The holidays are quickly approaching and “what’s for dessert” is the question on everyone’s mind after dinner. While many people have no trouble eating common desserts, people with IBS don’t have that luxury. If you’re looking to indulge this holiday season and not worry about your IBS, try making this low FODMAP lemon cake!
For cake batter:
1 cup of butter (softened)
1 cup of brown sugar
1 ½ cups of oat flour
4 tsp of baking powder
1 ½ cups powdered sugar
3 ½ tbsp of butter
1 lemon (same one from cake batter)
Fun fact: if you don’t have powdered sugar, you can blend regular sugar for 5 mins or until you get powdered sugar consistency.
1. Preheat oven to 350° (F). Grease cake tin and line with parchment paper.

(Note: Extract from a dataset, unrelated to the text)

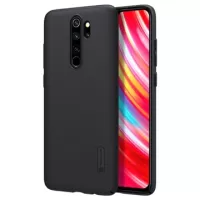 Nillkin Super Frosted Shield Xiaomi Redmi Note 8 Pro Case - Black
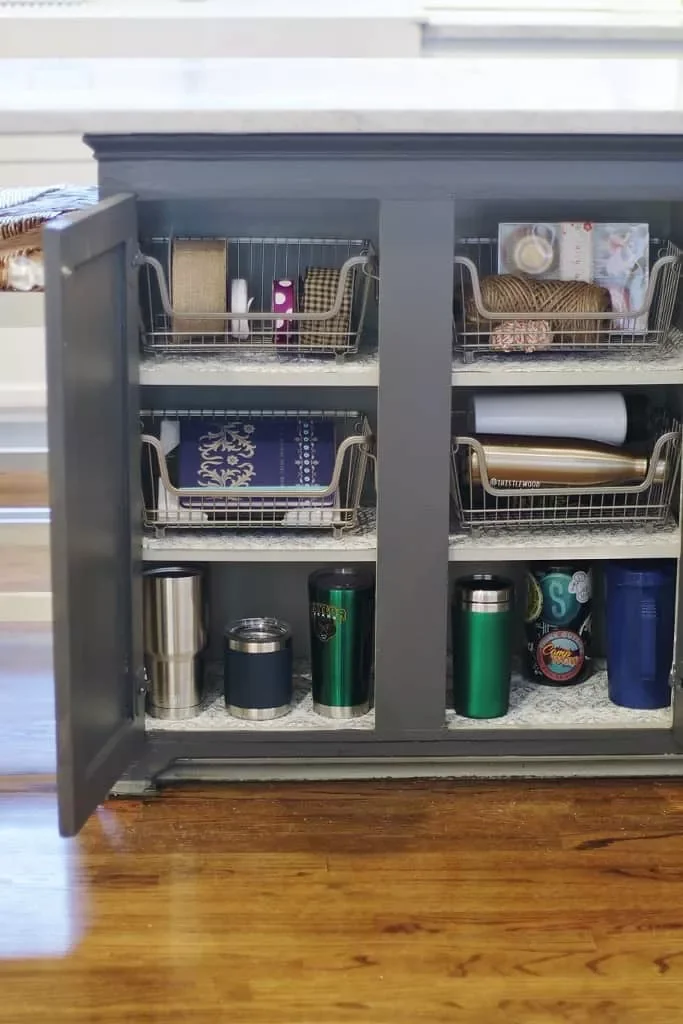60 Smart Kitchen Cabinet Organization Ideas You'll Love 24 Organize With Wire Baskets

2. Place butter for cake batter, brown sugar, oat flour, eggs, baking powder and the grated rind of the lemon into a bowl. Mix well.
3. Pour the cake batter into the baking sheet. Smooth it out until even. Place cake batter into the oven and bake for 50-60 mins. Make sure to watch the cake carefully and if it begins to brown then cover it with aluminum foil.
4. After the cake has baked, remove it from the oven and let it cool.
5. While the cake is cooling, mix together 3 ½ tablespoons of butter and the juice from the lemon. Add the powdered sugar, little by little until you get the consistency of frosting.
6. Spread the frosting on the cake evenly and place it in the refrigerator to set.